When I was beginning my senior year in a public high school, my mother mentioned that my father would be pleased if I attended Seton Hall University.
Sixty years later, I still don’t know why that was Dad’s preference, but it’s an indication of how indifferent I was as a student that, based only on my mother’s remark, I applied to, was admitted to, and attended Seton Hall.
It didn’t take more than a few days for me to realize that I wasn’t going to sleep walk through four years at The Hall as I had done in high school. Everything about the two experiences was different.

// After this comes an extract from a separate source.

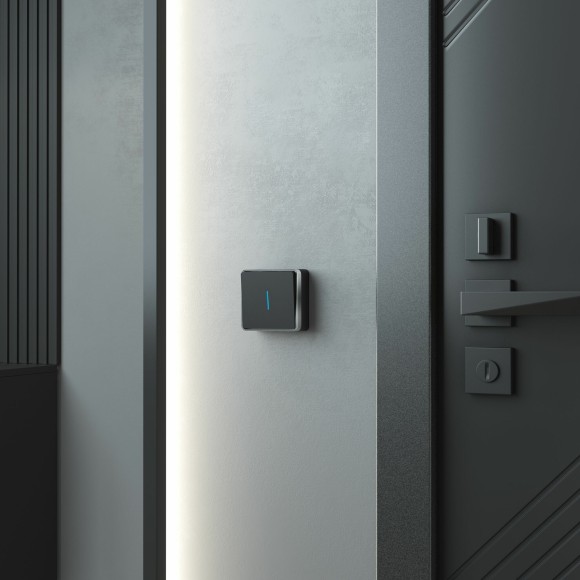 Выключатель одноклавишный с подсветкой Gallant черный/хром W5010135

For example, in high school, I schmoozed with as many teachers as would tolerate it, creating personal relationships that I imagined would influence grades. At the Hall, I saw most of my instructors for only one semester, and then only in class. There was little opportunity for a con artist.
Also, the curriculum in my high school in the late 1950s probably hadn’t changed much since the late 1940s. It wasn’t particularly challenging, which explains, in part, how I graduated.

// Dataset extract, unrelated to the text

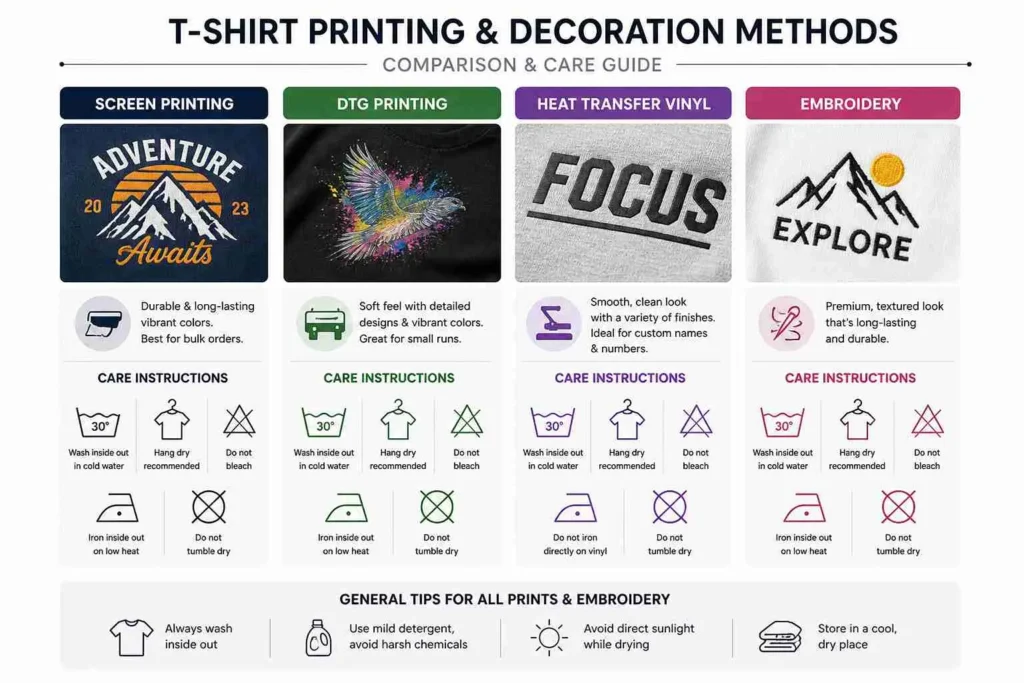 Print Type Care Guide (DTG, Screen Print, Sublimation & Embroidery)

At Seton Hall, I was required to take courses in disciplines that I hadn’t known existed. With only a semester instead of a whole academic year to master the material, the urgency of the situation quickly became clear to me. I realized in short order that the high school more or less had to keep me, regardless of my grades—The Hall not so much.
Somehow—maybe for Dad’s sake—I became a student and, in a way, I have been a student ever since. And yet, beyond shocking me into the rigors of scholarship, my time at Seton Hall affected my life in an even more important way; it made me a more mature Catholic.